Finding Homomorphisms from dihedral groups to cyclical groups

Question

Ok so there was another question very similar to this on here however it leaves me a little confused. $\bf{Question}$

Let G = $D_{14}$ the Dihedral group order 14 and A = $c_7$ be the cyclical group order 7. Find every homomorphism.

I started out by finding the trivial homomorphism when Im($\varphi$)=1 then using the first isomorphism theorem the non trivial homomorphism we get $\frac{|G|}{|K|}=7$ so we get |K|=2, however i understand that the answer to this is that there are no homomorphisms as the other subgroups aren't normal. But how do i work that out. And why does that mean there are no homomorphisms.

Answer 1

Here's a productive way to go about this question.

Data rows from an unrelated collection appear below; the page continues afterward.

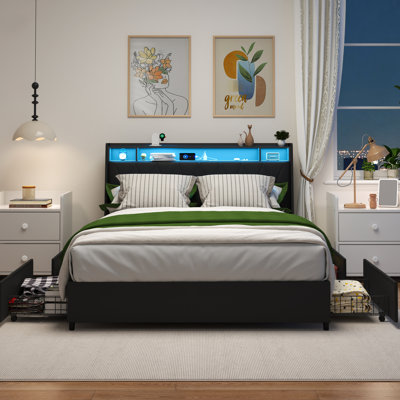 Full Platform Bed Frame With Ergonomic Headboard, Built - In Outlets, , And Storage Noise , , No Box Spring Needed Size Led Lighting, Shelf Long Lasting, Quiet Sleep,
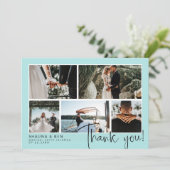 Robin Egg Blue Wedding Foto Collage Vielen Dank Dankeskarte (Stehend Vorderseite)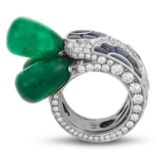 AN EMERALD, SAPPHIRE AND DIAMOND RING, MICHELE DELLA VALLE the band jewelled with diamonds and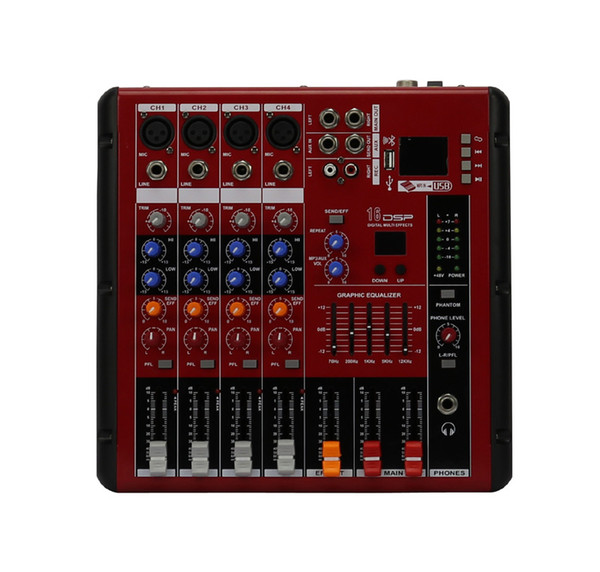 4Channel 48V Phantom 16 DSP Effect USB Bluetooth Audio Mixer SMR4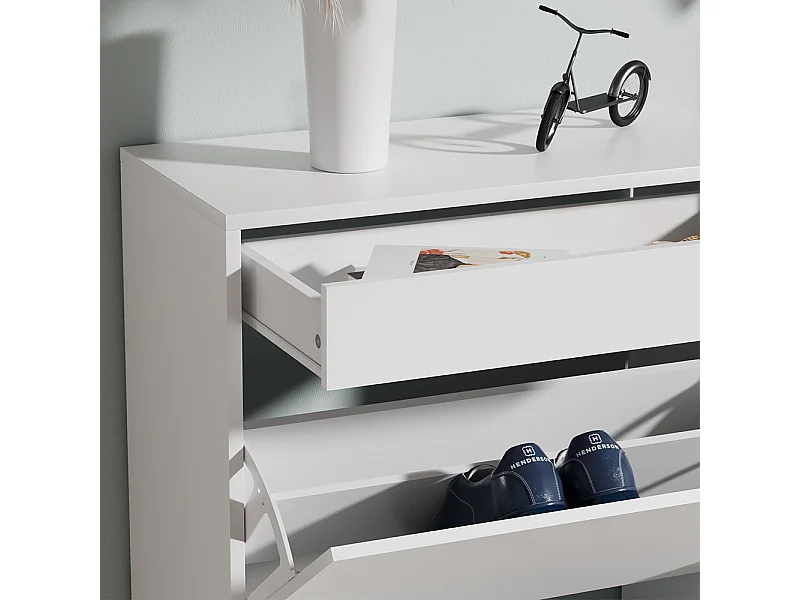 Schuhschrank weiß 90x30x181.5 ivo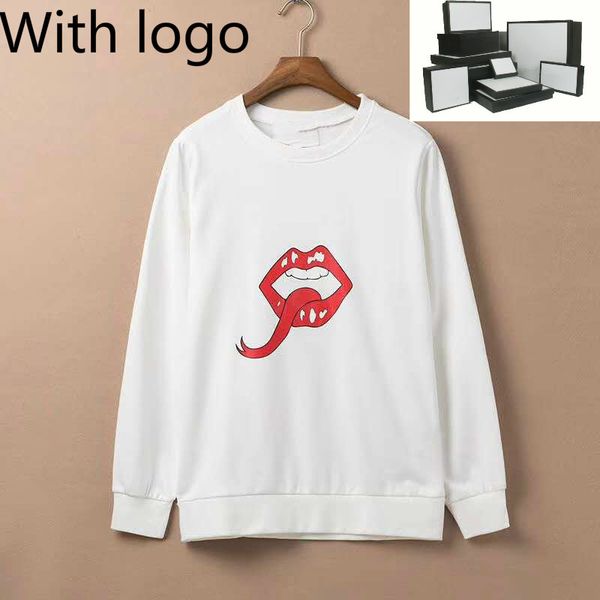 

Fashion 20FW Hoodies for Women Sweater Lips Printed High Quality Sweatshirts with Long Sleeeve Women Hoodies Without Box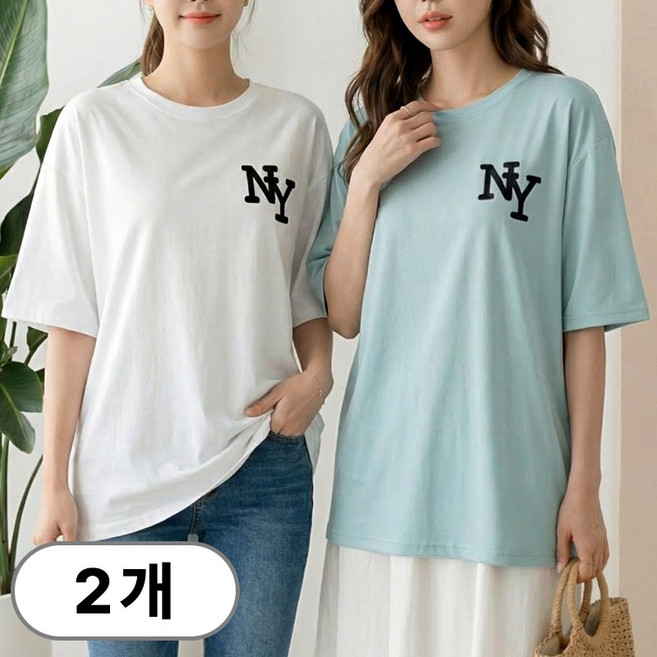 [1+1] 스타일아유 여성 여름 오버핏 반팔 티셔츠 빅사이즈 NY 여자 루즈핏 롱 박스 티셔츠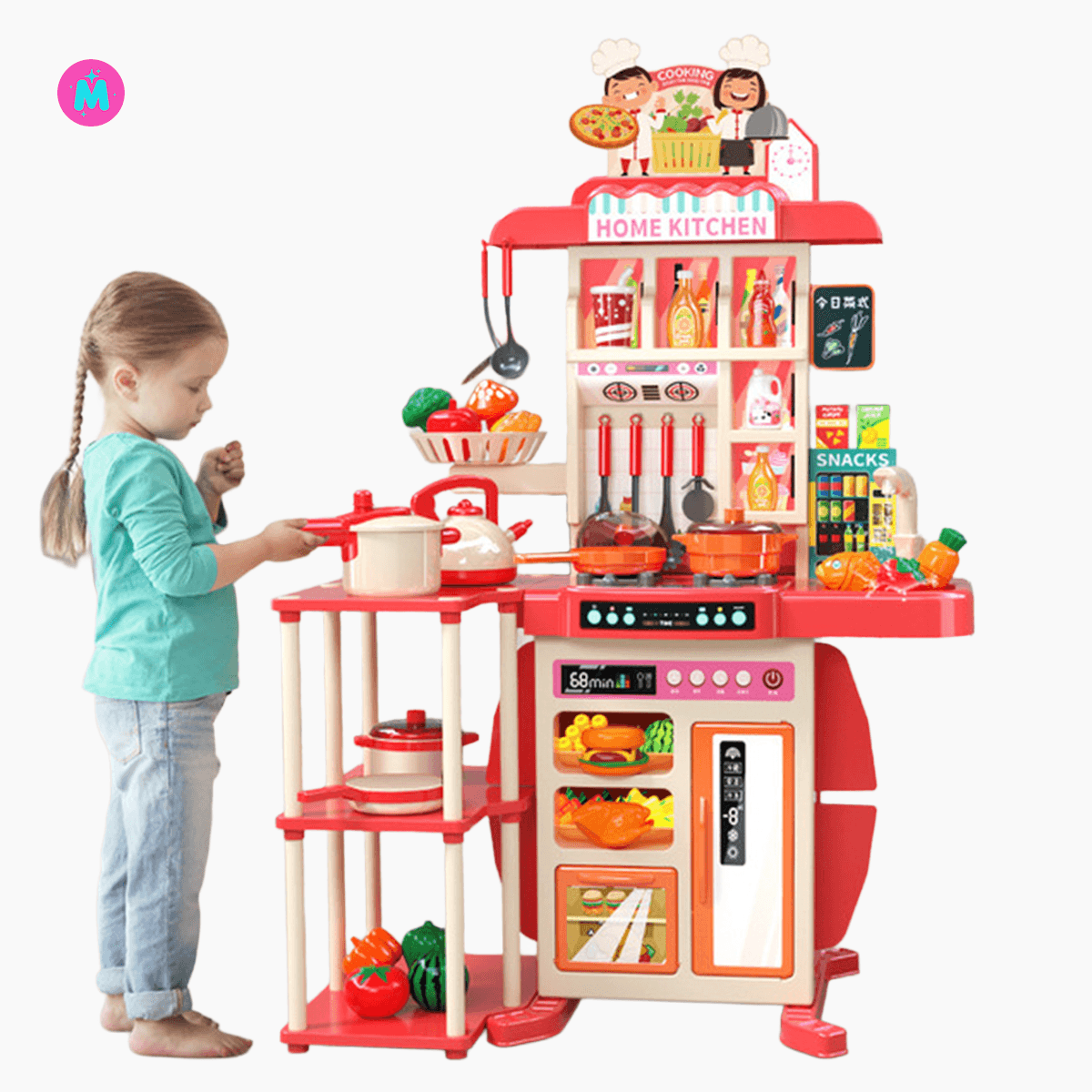 Children's Pretend Play Kitchen Toy Set for Girls and Boys, Realistic Cooking Utensils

The isomorphism theorems tell us that the image of a homomorphism is determined, up to isomorphism, by the kernel: the image is isomorphic to the quotient modulo the kernel.

Also, the kernel is a normal subgroup.

So, let's start by listing all normal subgroups of $D_{14}$:

• the whole group $D_{14}$;
• its cyclic subgroup of order 7;
• the trivial subgroup.

Next, let's compute the quotient (up to isomorphism) of $D_{14}$ by each of these normal subgroups:

• the quotient by the whole group is the trivial group;
• the quotient by the cyclic subgroup of order 7 is the order 2 cyclic group $c_2$;
• the quotient by the trivial subgroup is the group $D_{14}$.

Finally, observe that the image of any homomorphism $D_{14} \to c_7$ cannot be isomorphic to $c_2$ or to $D_{14}$, so the only possibility is that the image is trivial subgroup of $c_7$.

Thus, the only homomorphism $D_{14} \to c_7$ is the trivial homomorphism.

Answer 2

If you found that there were only two possible subgroups, then they would have to be G itself and {e}, meaning there are no homomorphisms.

I'm really confused by some of the stuff you wrote, though. I would think that any of the rotations of the heptagon (1/7, 2/7, ..., 6/7) could be generators.

I might just be completely misunderstanding though, apologies.